Also, it can be smart to bring bed sheets if you plan to spend the night. Because even though the hostel did not inform about that in its booking confirmation, it charged 150 kr per person for sheets. Needless to say, your archipelago trip became more expensive than planned…

Nevertheless, it was a beautiful little island we were on. Sunsets on an archipelago island – priceless. But before sun sets – put on sunscreen. Everyone thinks Sweden is  a cold country, but trust me, the sun can get strong. I managed to burn my face even though I had factor 50 (!) sunscreen on it.

In the morning, we woke up two hours before we had to because the other guests, a lot of them being children, slammed the doors approximately 32 times. Not our ideal idea of waking up but we compensated it by lying by the water doing nothing. Well, until Biana called, “There is a boat coming, I think it’s Nicola!” Because the ferries have a surprisingly high speed, I jumped into my beach dress and sandals and hurried to the pier to welcome Nicole (who had food with her!). It felt a tiny bit like being Tjorven welcoming the summer guests.

Three thirds of the island we were on was occupied by a big fortification that the Swedes built in the beginning of the 20th century. The Swedes have always been afraid of the Russians so it was important to defend the archipelago which is the way to get into Stockholm. In the 1700s, the Russians already burnt down most of the islands. The fortification on our island, however, seemed to be a half-hearted project. After years of building, they felt it was not really a good place and more or less abandoned it after a very short while. Talk about waste of tax money? At least we got to look at it during a tour..
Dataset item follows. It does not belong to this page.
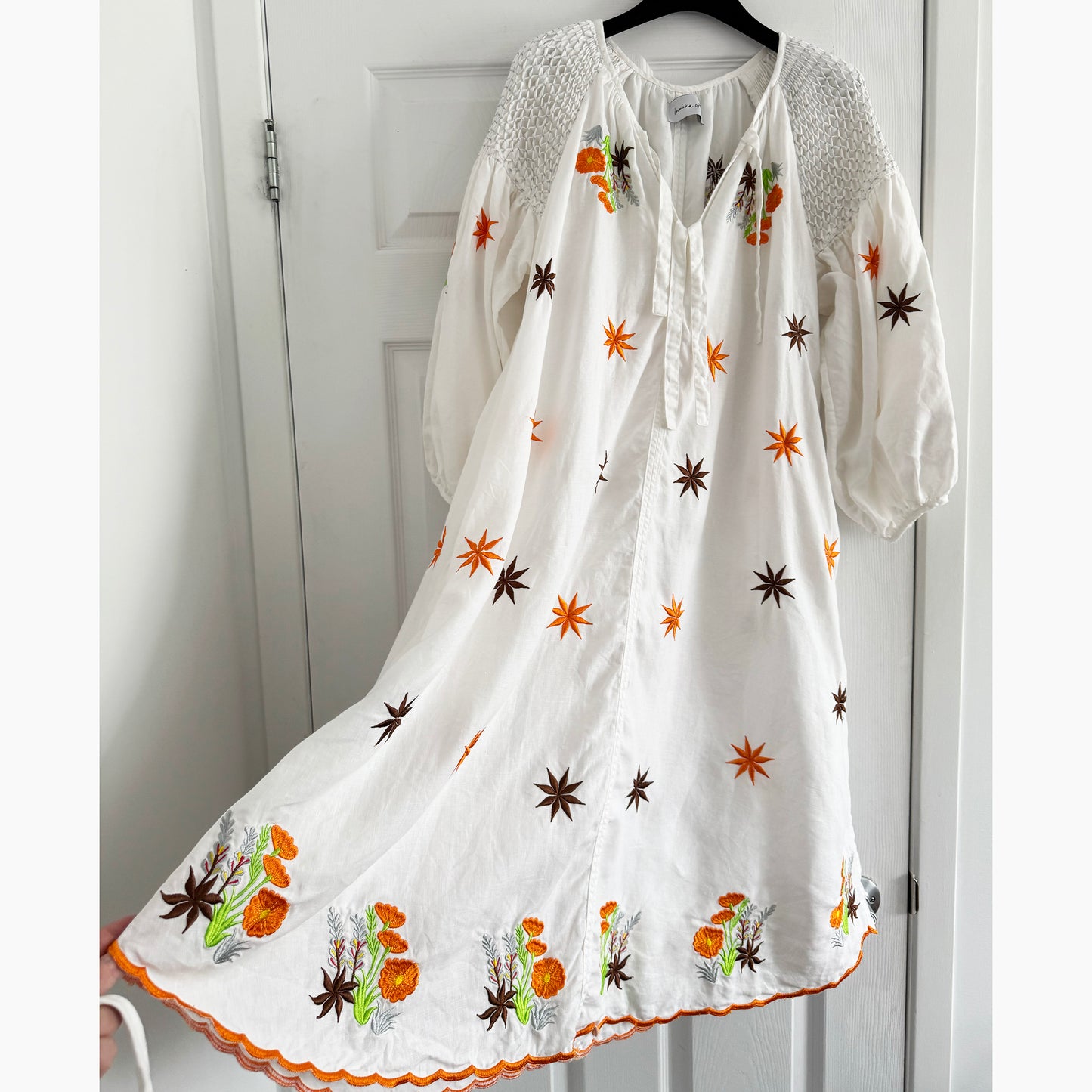 Innika Choo Embroidered Linen Dress, one size only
In the afternoon, we made our way back to town where I met Tabea and Mia. Mia had the splendid idea to take us to one of my favorite museums, Hallwyllska palatset, that has opened a bar in their enchanting inner yard. Their cocktails have names related to the museum and its history and are in the normal Stockholm price range (which means 144 kr for a cocktail). I highly recommend going there.

We concluded the evening with another brilliant Mia-idea: getting ice-cream at Stikki Nikki. The ice cream shop serves fresh, home-made gelato, ice cream and sorbet with original flavors. I had beetroot.